DraftKings vs Penn National
Both DraftKings and Penn sports stocks have pros and cons for potential investors. Penn carries around $12 billion in debt and has dozens of brick-and-mortar casinos across the country. So far, its casinos have survived the coronavirus shutdowns better than expected. However, if another lockdown happens, investors may shift their focus away from the Barstool app to the potential losses at the physical casinos.
DraftKing’s biggest possible drawback is its high valuation; currently, this sports stock is trading at more than 30x the company’s revenue. Its business concentration on mobile sports betting could also create more risk if the coronavirus shutdowns continue to cancel major league sports.
MGM Resorts (MGM) is the second-most valuable casino company with a market cap of around $10 billion. The company also has a wide footprint in traditional gambling destinations such as Las Vegas and Macau.
Currently, MGM offers sports betting in states such as New Jersey, Nevada, and Colorado through its BetMGM online and mobile sportsbook. MGM Resorts also received a big vote of confidence when Barry Diller’s IACpurchased a 12% share in the company for around $1 billion.

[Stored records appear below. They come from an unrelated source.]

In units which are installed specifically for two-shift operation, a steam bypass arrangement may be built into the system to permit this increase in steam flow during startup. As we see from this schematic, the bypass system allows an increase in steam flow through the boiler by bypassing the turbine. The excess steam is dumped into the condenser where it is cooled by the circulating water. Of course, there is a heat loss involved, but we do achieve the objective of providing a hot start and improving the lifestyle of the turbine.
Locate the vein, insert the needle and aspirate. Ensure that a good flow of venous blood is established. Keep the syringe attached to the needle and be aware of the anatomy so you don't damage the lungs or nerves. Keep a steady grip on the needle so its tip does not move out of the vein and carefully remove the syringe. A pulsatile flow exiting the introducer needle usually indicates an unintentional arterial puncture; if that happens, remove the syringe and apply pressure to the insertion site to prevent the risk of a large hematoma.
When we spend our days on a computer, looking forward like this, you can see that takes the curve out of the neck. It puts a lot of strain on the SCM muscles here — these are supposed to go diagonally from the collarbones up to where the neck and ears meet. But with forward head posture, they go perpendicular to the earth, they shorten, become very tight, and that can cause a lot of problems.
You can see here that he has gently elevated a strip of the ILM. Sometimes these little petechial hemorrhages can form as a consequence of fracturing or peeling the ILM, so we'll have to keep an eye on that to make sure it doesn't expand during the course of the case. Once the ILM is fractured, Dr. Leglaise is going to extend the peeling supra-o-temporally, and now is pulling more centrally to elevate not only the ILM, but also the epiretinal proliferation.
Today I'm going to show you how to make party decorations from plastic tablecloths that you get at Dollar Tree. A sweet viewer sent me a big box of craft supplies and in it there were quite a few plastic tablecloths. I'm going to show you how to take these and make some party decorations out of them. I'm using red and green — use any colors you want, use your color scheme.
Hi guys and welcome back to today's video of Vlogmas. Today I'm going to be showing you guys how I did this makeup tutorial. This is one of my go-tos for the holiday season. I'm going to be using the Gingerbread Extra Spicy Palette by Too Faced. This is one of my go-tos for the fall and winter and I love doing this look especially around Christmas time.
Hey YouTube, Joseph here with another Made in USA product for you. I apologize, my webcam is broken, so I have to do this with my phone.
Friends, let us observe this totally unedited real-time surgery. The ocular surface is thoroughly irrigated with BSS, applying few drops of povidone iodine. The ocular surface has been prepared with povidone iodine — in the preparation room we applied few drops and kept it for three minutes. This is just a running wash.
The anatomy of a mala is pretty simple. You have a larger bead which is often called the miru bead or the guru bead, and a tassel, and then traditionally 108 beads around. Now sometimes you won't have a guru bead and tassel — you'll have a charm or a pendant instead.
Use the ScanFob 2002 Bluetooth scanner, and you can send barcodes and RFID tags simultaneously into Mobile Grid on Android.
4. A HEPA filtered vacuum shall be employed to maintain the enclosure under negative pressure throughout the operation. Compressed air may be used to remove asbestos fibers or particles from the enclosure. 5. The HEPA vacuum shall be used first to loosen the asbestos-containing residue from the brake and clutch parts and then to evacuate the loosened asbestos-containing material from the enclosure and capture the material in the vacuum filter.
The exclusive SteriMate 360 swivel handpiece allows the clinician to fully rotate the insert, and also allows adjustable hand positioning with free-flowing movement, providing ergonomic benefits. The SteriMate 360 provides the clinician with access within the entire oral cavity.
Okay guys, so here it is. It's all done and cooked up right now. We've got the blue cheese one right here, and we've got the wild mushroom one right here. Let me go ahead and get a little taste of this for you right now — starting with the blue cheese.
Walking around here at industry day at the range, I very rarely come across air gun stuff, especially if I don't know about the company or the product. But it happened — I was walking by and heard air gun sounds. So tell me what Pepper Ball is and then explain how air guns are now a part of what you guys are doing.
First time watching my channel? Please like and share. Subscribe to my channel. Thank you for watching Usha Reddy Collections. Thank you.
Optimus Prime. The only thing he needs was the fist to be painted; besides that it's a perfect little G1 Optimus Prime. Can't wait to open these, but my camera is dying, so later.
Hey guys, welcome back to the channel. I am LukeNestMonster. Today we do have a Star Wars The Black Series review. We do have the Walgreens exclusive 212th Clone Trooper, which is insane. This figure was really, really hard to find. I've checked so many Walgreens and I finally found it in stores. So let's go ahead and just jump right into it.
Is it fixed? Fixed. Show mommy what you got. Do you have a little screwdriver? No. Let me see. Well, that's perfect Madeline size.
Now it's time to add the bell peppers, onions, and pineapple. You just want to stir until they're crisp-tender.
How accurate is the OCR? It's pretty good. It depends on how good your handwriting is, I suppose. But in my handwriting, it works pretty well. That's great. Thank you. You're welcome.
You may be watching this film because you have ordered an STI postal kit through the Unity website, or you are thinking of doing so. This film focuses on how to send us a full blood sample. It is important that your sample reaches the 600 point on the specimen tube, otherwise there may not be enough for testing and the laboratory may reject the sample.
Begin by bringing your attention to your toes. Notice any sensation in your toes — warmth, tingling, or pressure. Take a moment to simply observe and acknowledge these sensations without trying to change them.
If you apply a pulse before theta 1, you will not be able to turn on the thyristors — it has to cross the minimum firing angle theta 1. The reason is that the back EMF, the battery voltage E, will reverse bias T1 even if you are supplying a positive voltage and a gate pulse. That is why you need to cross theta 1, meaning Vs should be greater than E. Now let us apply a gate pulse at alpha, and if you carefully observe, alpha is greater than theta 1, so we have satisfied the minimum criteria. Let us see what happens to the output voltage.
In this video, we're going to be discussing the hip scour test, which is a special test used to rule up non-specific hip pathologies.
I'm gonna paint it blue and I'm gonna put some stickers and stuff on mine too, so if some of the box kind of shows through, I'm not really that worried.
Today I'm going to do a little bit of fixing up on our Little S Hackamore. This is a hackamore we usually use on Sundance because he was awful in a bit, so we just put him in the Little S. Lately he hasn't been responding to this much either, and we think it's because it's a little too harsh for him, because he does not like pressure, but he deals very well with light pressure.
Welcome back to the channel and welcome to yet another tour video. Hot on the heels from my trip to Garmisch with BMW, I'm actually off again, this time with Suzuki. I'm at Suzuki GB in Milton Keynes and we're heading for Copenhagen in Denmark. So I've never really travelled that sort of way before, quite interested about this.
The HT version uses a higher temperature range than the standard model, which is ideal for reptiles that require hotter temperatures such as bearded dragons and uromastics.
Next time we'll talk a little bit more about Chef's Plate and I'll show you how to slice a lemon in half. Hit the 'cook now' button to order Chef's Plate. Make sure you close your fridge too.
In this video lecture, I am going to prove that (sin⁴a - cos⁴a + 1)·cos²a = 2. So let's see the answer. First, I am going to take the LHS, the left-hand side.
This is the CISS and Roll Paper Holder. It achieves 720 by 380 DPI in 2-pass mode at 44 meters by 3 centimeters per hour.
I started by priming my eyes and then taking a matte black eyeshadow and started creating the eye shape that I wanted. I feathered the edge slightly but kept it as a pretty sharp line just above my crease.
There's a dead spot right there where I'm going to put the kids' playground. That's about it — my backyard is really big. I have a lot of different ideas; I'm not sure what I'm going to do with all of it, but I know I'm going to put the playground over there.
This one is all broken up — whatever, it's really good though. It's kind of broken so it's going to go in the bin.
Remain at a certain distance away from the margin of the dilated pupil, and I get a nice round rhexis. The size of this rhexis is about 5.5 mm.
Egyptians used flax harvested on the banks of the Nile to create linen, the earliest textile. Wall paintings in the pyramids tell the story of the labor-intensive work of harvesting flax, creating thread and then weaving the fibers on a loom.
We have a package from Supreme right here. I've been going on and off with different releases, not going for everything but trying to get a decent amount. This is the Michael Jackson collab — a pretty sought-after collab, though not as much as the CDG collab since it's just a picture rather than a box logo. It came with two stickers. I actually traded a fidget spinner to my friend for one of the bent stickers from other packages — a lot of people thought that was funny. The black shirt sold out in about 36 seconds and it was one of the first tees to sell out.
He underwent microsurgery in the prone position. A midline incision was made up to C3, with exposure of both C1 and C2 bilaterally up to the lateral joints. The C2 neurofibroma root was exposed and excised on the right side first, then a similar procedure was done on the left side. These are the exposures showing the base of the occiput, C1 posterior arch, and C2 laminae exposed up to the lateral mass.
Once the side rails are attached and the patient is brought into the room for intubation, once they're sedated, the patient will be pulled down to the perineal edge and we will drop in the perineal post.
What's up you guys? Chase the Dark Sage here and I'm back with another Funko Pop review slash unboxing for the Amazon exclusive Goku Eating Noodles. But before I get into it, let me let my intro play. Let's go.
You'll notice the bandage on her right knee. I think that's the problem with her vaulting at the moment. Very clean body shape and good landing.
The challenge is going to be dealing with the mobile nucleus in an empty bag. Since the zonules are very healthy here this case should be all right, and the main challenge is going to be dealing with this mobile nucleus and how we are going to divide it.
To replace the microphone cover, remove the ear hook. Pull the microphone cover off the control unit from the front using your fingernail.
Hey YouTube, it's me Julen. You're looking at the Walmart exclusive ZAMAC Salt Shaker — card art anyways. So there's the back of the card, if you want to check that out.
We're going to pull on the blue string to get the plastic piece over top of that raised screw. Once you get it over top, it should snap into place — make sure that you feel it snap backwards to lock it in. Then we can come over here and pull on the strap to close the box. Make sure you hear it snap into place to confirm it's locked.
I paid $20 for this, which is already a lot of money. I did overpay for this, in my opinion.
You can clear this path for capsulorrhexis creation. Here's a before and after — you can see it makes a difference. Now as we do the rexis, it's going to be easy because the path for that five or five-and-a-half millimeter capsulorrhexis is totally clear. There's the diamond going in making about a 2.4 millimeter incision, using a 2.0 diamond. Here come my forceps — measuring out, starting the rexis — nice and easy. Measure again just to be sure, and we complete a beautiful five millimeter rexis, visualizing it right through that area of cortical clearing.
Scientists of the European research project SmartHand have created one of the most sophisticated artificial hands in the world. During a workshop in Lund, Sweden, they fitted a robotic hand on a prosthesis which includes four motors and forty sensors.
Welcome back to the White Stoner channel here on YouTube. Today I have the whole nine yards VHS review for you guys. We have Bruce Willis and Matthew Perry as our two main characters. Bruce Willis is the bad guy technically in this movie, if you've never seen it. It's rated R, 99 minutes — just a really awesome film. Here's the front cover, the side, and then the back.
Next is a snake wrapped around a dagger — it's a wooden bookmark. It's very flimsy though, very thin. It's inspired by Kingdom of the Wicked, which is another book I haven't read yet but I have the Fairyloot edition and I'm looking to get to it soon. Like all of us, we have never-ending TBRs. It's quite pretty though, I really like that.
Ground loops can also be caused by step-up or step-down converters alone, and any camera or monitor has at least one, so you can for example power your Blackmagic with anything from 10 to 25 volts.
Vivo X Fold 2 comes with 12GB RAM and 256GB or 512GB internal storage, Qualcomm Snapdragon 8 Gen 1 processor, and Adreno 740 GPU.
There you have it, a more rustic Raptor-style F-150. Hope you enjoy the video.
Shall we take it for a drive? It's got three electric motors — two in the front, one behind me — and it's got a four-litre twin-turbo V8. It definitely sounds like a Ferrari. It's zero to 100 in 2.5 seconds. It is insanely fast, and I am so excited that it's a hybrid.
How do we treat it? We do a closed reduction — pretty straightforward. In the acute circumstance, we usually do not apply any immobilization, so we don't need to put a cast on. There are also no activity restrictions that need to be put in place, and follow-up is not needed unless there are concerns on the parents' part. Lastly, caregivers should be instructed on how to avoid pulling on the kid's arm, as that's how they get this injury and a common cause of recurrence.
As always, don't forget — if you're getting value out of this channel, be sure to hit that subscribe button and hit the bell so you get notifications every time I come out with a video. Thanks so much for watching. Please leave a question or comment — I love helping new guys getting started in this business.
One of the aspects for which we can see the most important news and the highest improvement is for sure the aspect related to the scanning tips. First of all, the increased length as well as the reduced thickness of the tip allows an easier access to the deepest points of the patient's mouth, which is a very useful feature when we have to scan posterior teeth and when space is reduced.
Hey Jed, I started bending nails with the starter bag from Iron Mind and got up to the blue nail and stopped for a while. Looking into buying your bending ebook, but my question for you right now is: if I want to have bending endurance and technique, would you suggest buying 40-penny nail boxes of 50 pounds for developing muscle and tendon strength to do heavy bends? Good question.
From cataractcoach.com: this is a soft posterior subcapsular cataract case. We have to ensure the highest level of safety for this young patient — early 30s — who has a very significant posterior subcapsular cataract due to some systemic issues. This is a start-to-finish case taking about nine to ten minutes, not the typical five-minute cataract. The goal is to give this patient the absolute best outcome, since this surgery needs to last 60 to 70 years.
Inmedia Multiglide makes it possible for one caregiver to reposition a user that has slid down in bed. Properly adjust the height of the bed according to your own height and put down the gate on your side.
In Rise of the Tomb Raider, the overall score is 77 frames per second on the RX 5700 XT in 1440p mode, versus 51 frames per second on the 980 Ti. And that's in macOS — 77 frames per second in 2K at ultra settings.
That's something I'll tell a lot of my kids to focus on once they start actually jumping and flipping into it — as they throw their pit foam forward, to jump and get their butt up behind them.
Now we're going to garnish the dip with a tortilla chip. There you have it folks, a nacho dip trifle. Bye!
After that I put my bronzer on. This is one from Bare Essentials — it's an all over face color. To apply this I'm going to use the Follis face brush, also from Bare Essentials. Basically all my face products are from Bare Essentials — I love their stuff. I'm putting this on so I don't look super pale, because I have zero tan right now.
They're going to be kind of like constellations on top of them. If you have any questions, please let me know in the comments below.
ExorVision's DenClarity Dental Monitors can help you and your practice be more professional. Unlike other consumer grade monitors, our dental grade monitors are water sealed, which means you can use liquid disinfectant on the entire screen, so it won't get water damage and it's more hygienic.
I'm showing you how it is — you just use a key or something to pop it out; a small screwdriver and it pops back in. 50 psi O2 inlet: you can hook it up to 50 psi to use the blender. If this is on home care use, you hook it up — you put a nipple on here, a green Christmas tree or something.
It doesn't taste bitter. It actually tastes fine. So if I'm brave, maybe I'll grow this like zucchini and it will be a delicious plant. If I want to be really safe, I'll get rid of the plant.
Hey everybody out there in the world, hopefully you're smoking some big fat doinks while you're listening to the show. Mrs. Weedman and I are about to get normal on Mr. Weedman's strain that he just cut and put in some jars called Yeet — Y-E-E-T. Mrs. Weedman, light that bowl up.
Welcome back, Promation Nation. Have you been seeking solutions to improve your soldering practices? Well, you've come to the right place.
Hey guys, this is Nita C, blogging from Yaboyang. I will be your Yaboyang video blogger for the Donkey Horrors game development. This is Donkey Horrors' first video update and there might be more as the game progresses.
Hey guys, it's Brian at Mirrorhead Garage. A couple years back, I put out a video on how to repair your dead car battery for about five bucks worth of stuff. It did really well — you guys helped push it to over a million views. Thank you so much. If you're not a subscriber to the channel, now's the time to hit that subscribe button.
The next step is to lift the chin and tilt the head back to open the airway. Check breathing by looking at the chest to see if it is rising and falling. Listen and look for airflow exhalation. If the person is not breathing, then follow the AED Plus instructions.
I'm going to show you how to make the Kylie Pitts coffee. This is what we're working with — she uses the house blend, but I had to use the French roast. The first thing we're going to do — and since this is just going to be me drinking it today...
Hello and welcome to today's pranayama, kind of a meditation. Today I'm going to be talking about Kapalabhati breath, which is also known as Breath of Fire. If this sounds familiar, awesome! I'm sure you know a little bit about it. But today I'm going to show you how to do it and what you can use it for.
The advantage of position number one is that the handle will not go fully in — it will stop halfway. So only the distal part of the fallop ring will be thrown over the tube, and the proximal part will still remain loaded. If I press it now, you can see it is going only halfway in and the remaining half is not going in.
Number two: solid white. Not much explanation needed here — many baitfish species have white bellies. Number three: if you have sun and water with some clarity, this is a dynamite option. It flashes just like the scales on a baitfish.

That’s advantageous, because IAC has a strong track record with online businesses. Back in 1999, IAC acquired Match.com and successfully launched it last month as Match Group (MTCH). IAC also noted MGM’s potential to use its casino properties for sports betting.
Boyd and Caesars
Comprised of a combination of older companies, including Bally’s, Harrah’s Entertainment, and Eldorado Resorts, Caesars is valued at just under $7 billion. Caesars primarily operates casinos in the United States. Caesars also offers sports betting through the Caesars Sportsbook, through a partnership with William Hill.
William Hill is the biggest holding in Roundhill Sports Betting (BETZ), accounting for around 6%. It trades in London under WMH.
Finally, Boyd (BYD) is worth just under $3 billion. Boyd offers sports betting in conjunction with FanFuel, which began as a fantasy-sports company like Draftkings. In turn, FanDuel is owned by Flutter Entertainment, the fourth largest holding in BETZ. Flutter trades in London under FLTR.
Smaller American companies within BETZ include Scientific Games (SGMS) and International Game Technology (IGT). Both produce casino games and gaming machines.
To put it simply, several sports stocks anticipate huge growth in the U.S. sports betting market over the next few years. While the continuing coronavirus shutdowns impact the football and basketball seasons, sports stocks face some uncertainty in the near term. However, in the long term, sports stocks could be a winning bet.